_ABOUT THIS TASK:_
Your answer must be the records below repeated word for word, with no pictures in it.

_Source records:_
↓

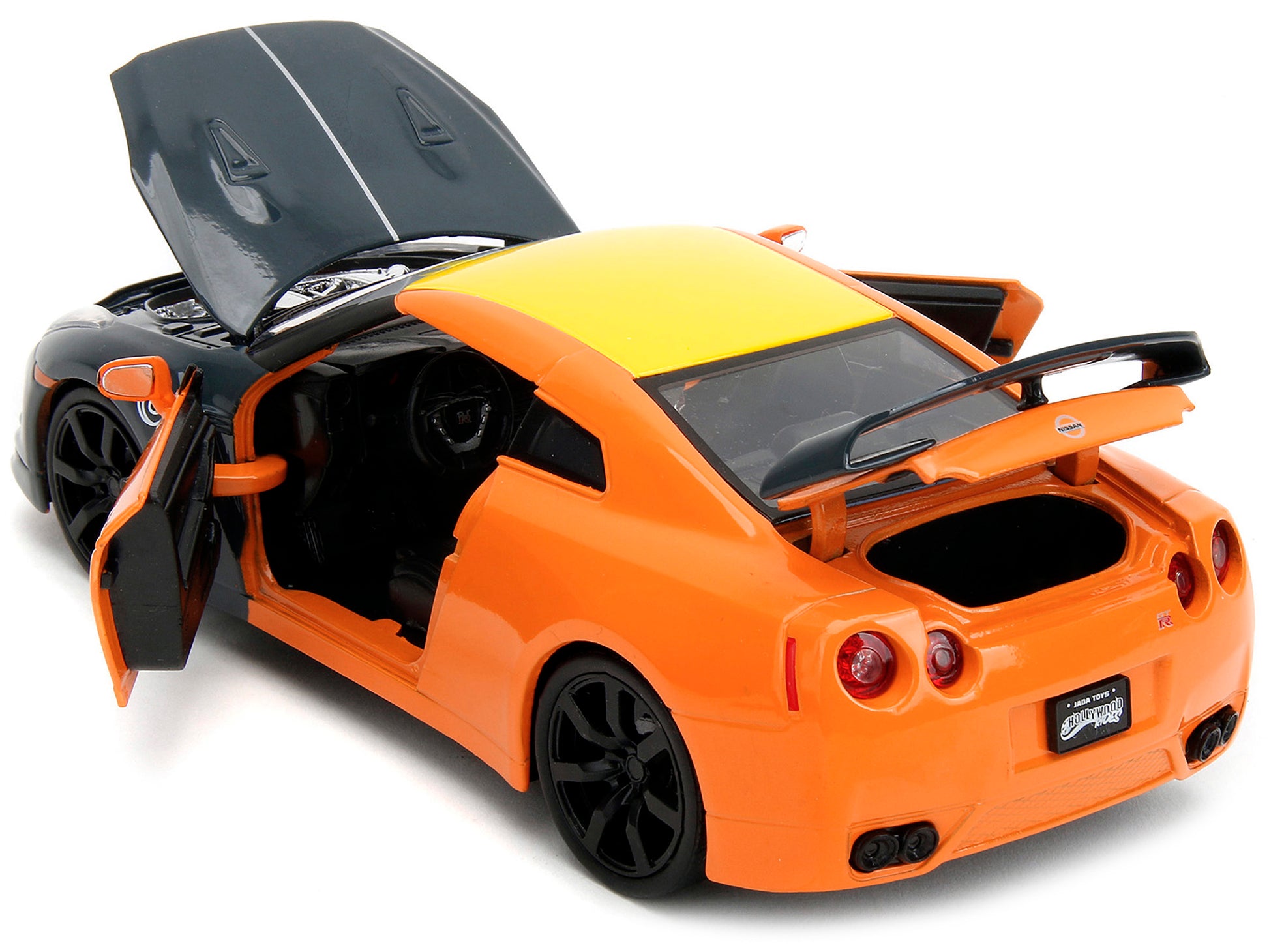 2009 Nissan GT-R (R35) Orange and Dark Gray with Yellow Top and Graphics and Naruto Diecast Figure &quot;Naruto Shippuden&quot; (2009-2017) TV Series &quot;Anime Hollywood Rides&quot; Series 1/24 Diecast Model Car by Jada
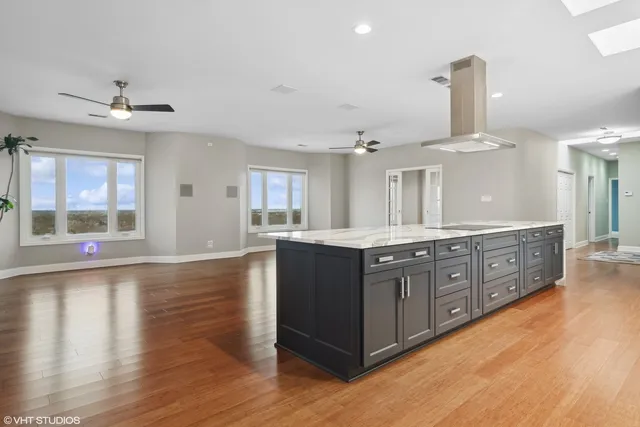 a large kitchen with stainless steel appliances a large counter top a sink a chimney and a large window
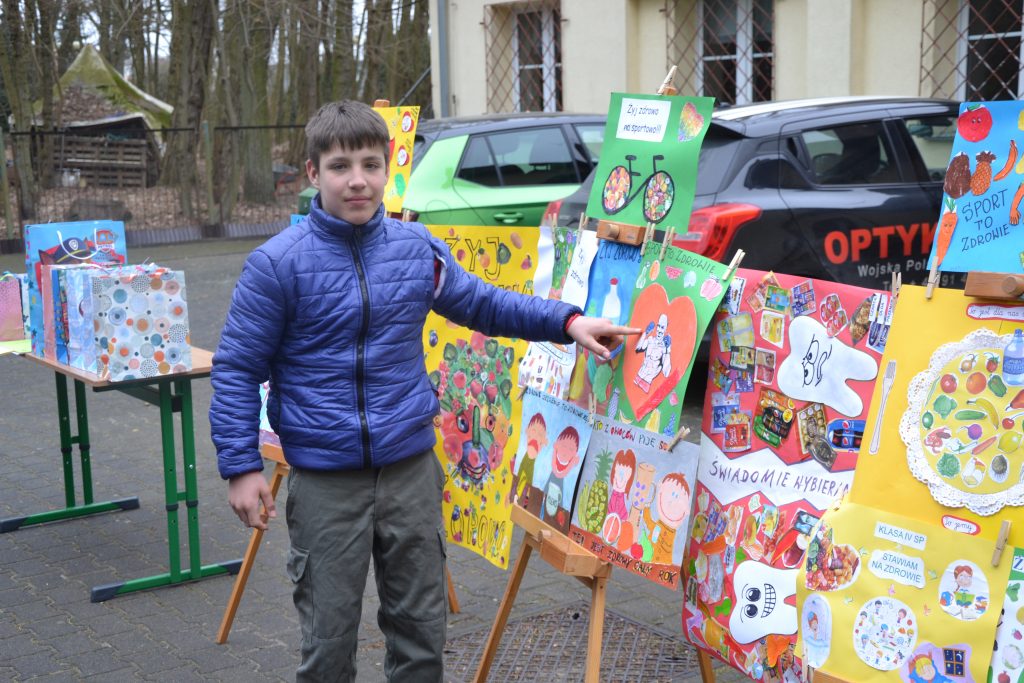 młody chłopak stojący obok wystawy obrazów.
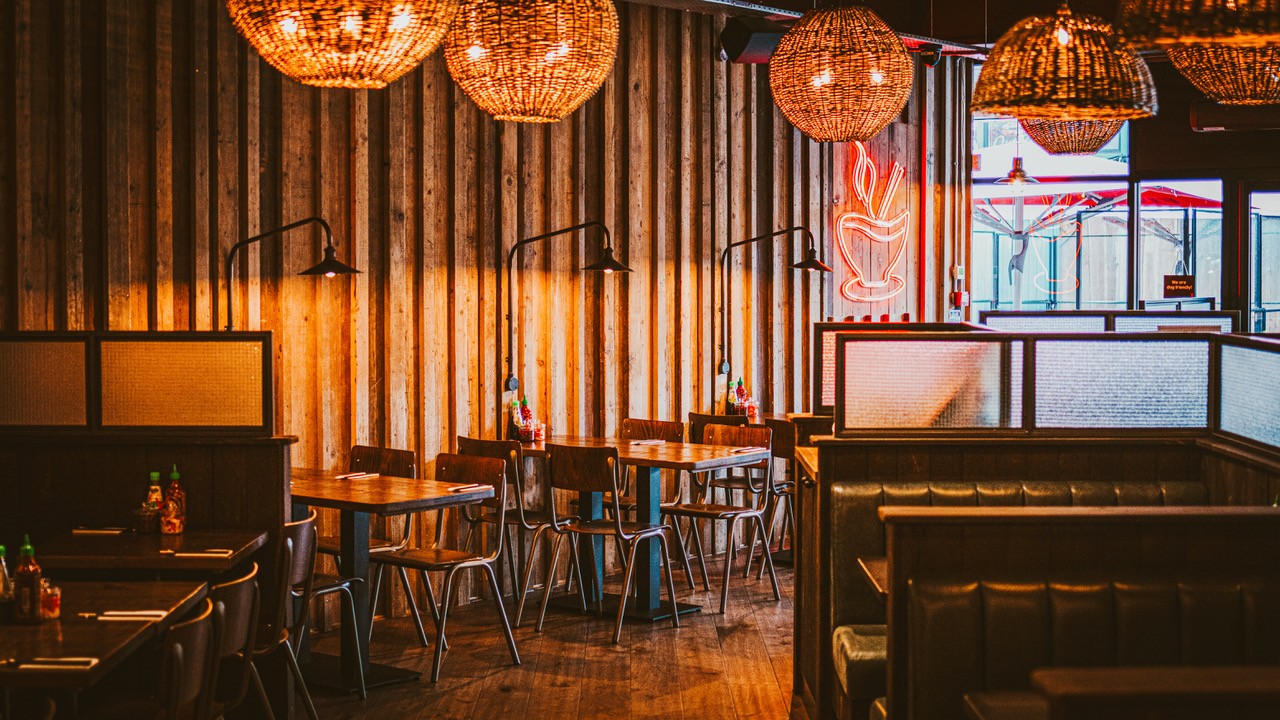 Cozy restaurant interior with wooden walls, hanging woven light fixtures, empty tables and chairs, and booths. Condiment bottles are on the tables, and a red neon sign shaped like a bowl is on the wall.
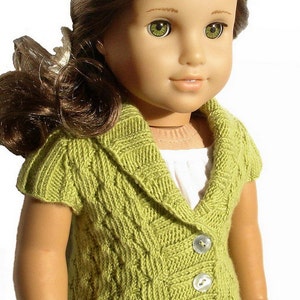 Pu&ograve; includere: Una bambola che indossa un cardigan di maglia verde con collo e bottoni. Il cardigan ha un motivo a treccia e viene indossato sopra una camicia bianca.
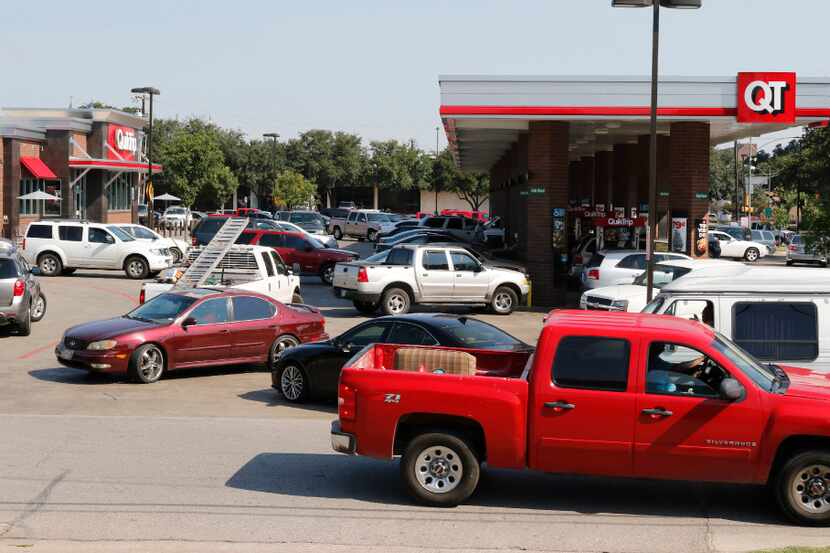 Motorist wait in line to purchase gas at Quik Trip located at 511 South Zang Blvd in Dallas...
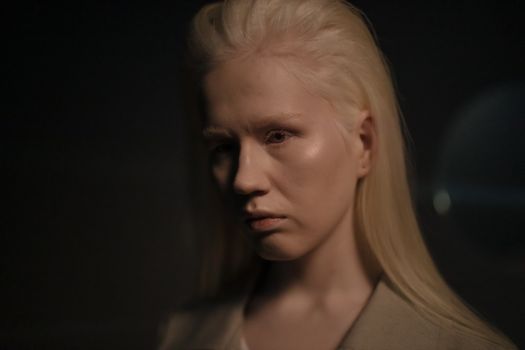 Artistic portrait of an albino woman with selective focus in a dark studio setting.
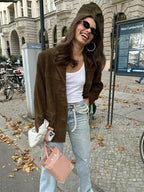 Femme souriante en veste marron, t-shirt blanc, jeans, portant lunettes de soleil, sac blanc et sac rose, rue urbaine avec vélos et feuilles d'automne.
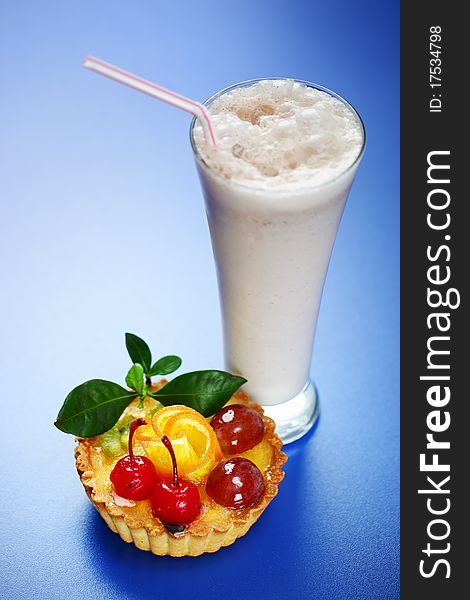 Milkshake and cake on a blue background. Milkshake and cake on a blue background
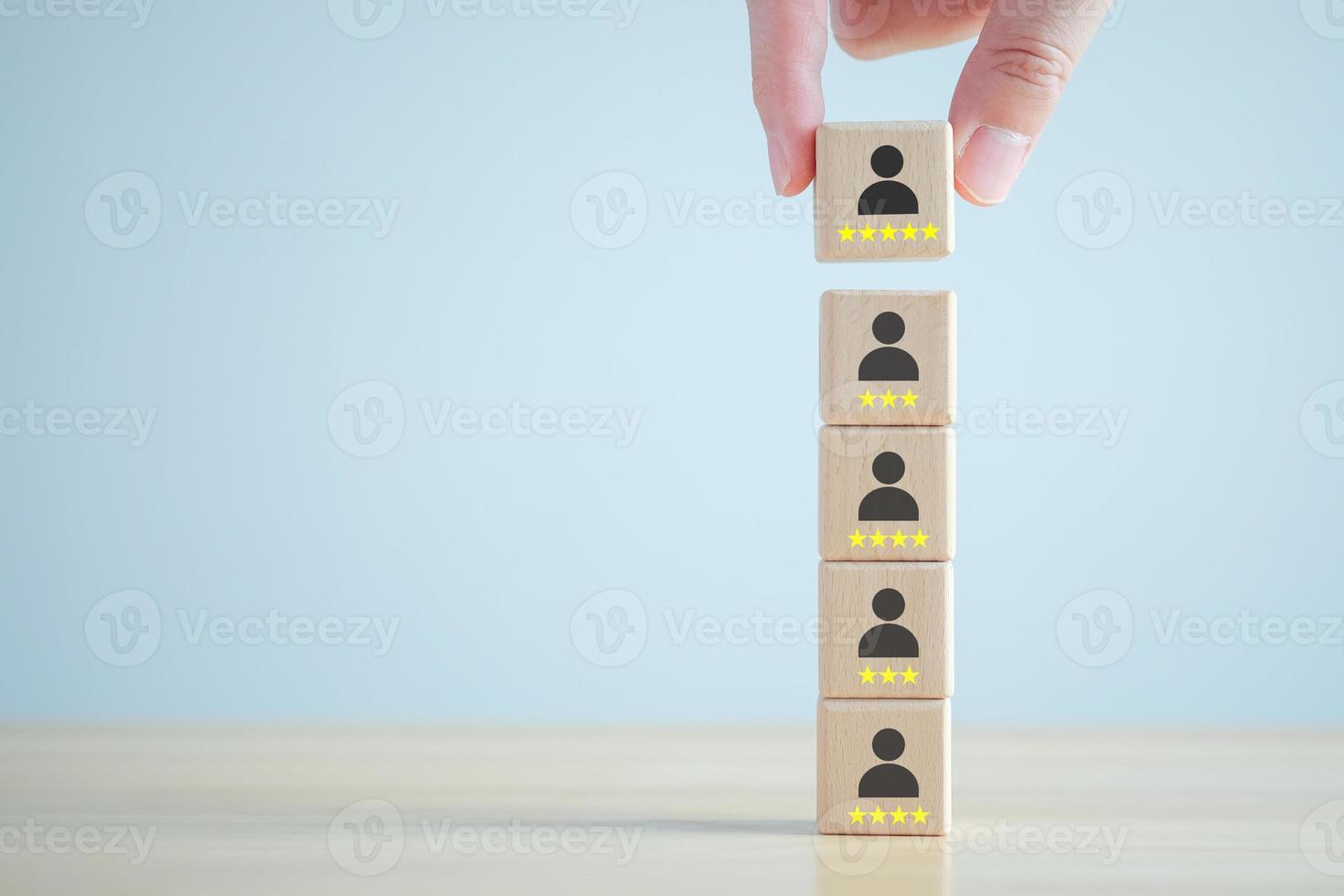 Business hiring and recruitment selection. Career opportunity. Human Resource Management. Hand choosing human icon on wooden block with 5 star. Choice of employee leader from many people. photo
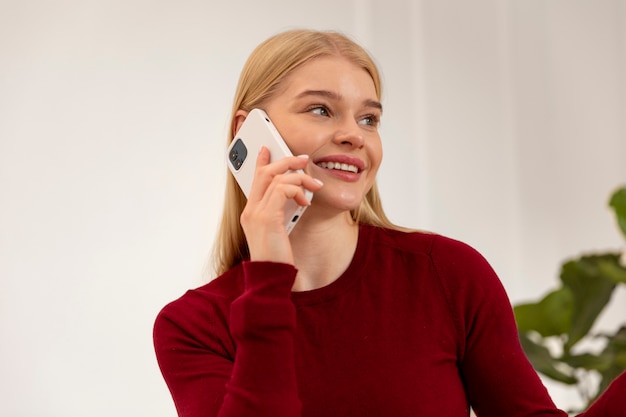 Woman talking on phone medium shot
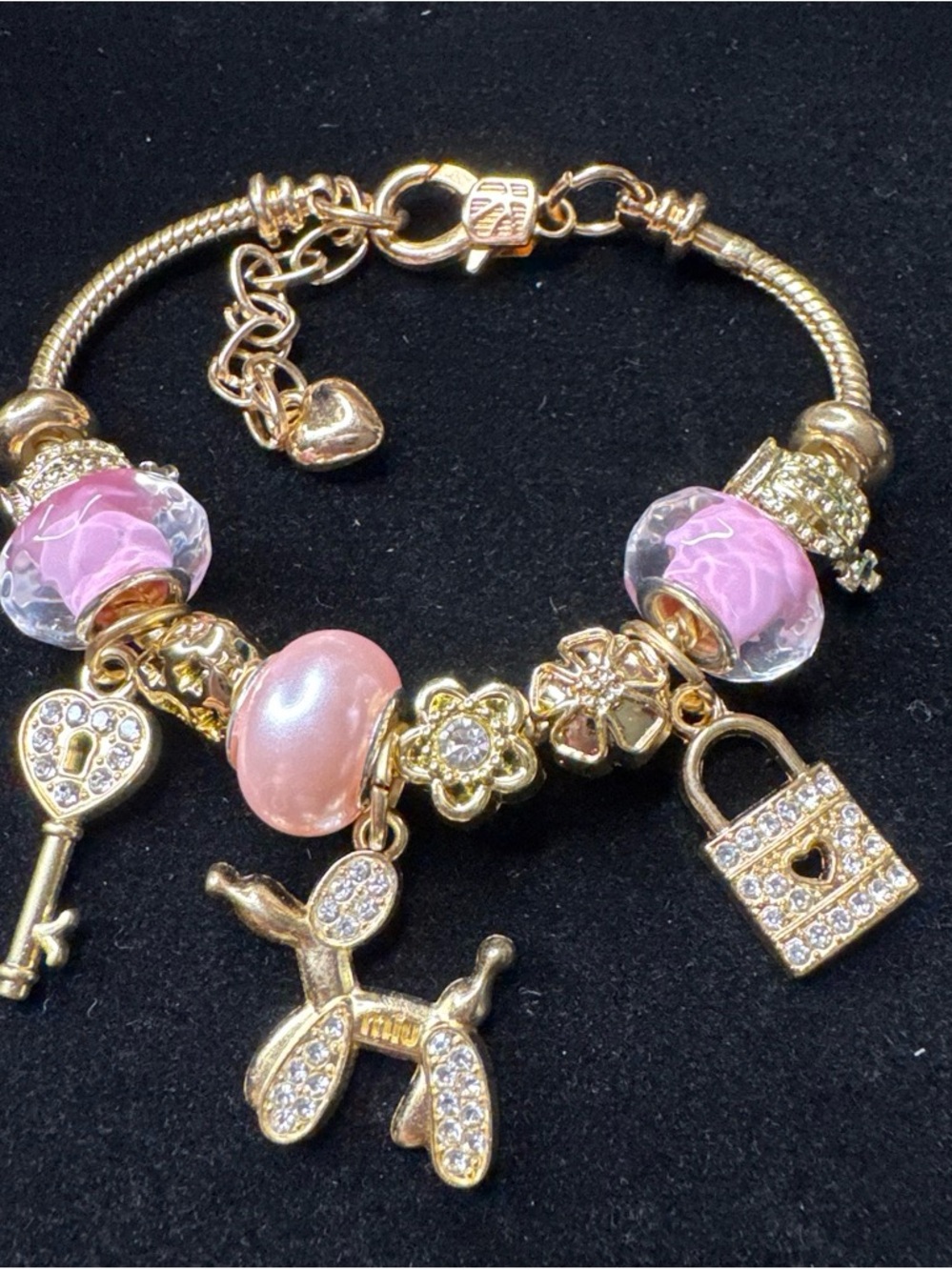 Gold-Tone Pink Glass Charm Bracelet with Balloon Dog and Lock Charms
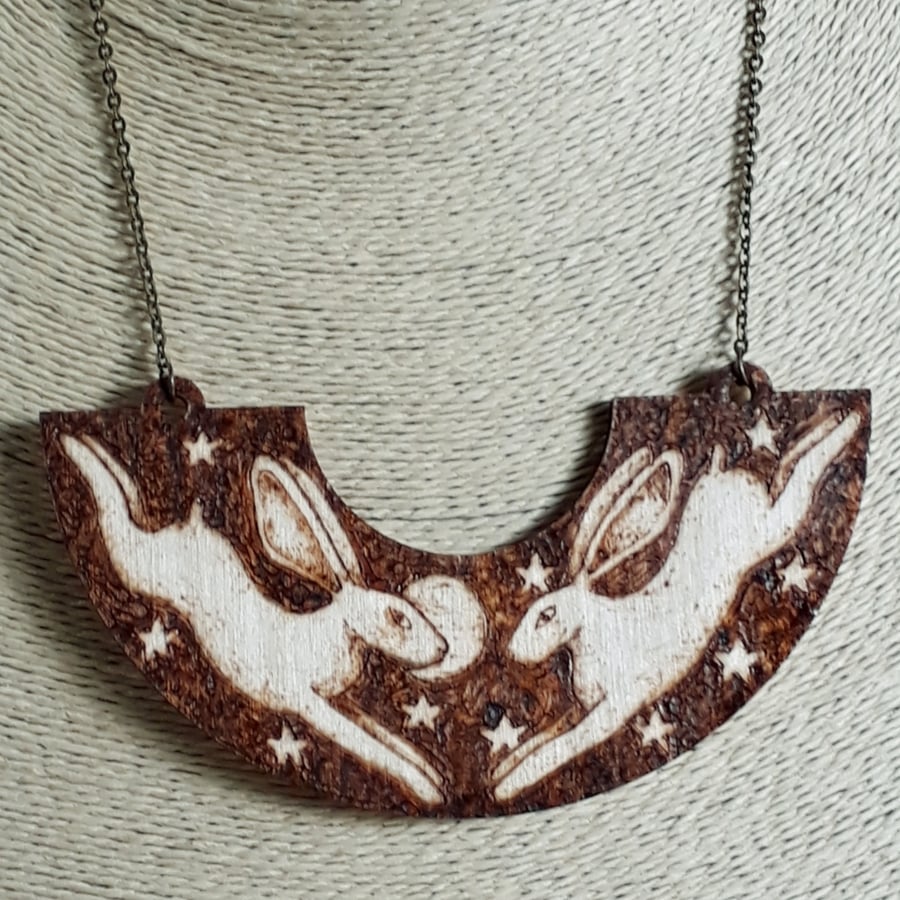 Pyrography leaping hares pendant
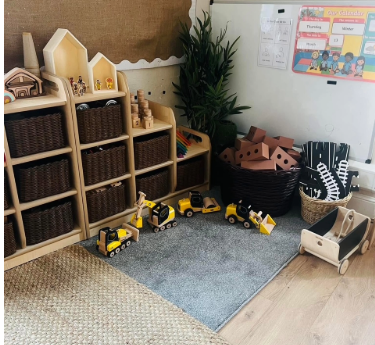 Wooden toy construction vehicles are lined up on a rug, beside cubby shelves, baskets, toy houses and a small wagon in a classroom corner. Text visible: "Our calendar", "Thursday", "Winter", "Monday".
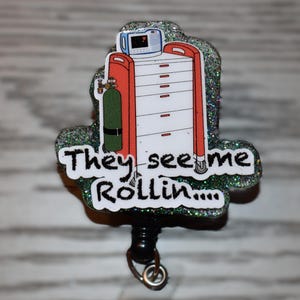 K&ouml;nnte beinhalten: Ein glitzerndes Ausweis-Jojo mit einem medizinischen Wagen, einer Sauerstoffflasche und dem Text "They see me Rollin...". Der Wagen ist rot und wei&szlig;, mit einem kleinen Monitor. Das Jojo ist schwarz.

↑

_WRITTEN SOLUTION:_
 2009 Nissan GT-R (R35) Orange and Dark Gray with Yellow Top and Graphics and Naruto Diecast Figure &quot;Naruto Shippuden&quot; (2009-2017) TV Series &quot;Anime Hollywood Rides&quot; Series 1/24 Diecast Model Car by Jada
 a large kitchen with stainless steel appliances a large counter top a sink a chimney and a large window
 młody chłopak stojący obok wystawy obrazów.
 Cozy restaurant interior with wooden walls, hanging woven light fixtures, empty tables and chairs, and booths. Condiment bottles are on the tables, and a red neon sign shaped like a bowl is on the wall.
 Pu&ograve; includere: Una bambola che indossa un cardigan di maglia verde con collo e bottoni. Il cardigan ha un motivo a treccia e viene indossato sopra una camicia bianca.
 Motorist wait in line to purchase gas at Quik Trip located at 511 South Zang Blvd in Dallas...
 Artistic portrait of an albino woman with selective focus in a dark studio setting.
 Femme souriante en veste marron, t-shirt blanc, jeans, portant lunettes de soleil, sac blanc et sac rose, rue urbaine avec vélos et feuilles d'automne.
 Milkshake and cake on a blue background. Milkshake and cake on a blue background
 Business hiring and recruitment selection. Career opportunity. Human Resource Management. Hand choosing human icon on wooden block with 5 star. Choice of employee leader from many people. photo
 Woman talking on phone medium shot
 Gold-Tone Pink Glass Charm Bracelet with Balloon Dog and Lock Charms
 Pyrography leaping hares pendant
 Wooden toy construction vehicles are lined up on a rug, beside cubby shelves, baskets, toy houses and a small wagon in a classroom corner. Text visible: "Our calendar", "Thursday", "Winter", "Monday".
 K&ouml;nnte beinhalten: Ein glitzerndes Ausweis-Jojo mit einem medizinischen Wagen, einer Sauerstoffflasche und dem Text "They see me Rollin...". Der Wagen ist rot und wei&szlig;, mit einem kleinen Monitor. Das Jojo ist schwarz.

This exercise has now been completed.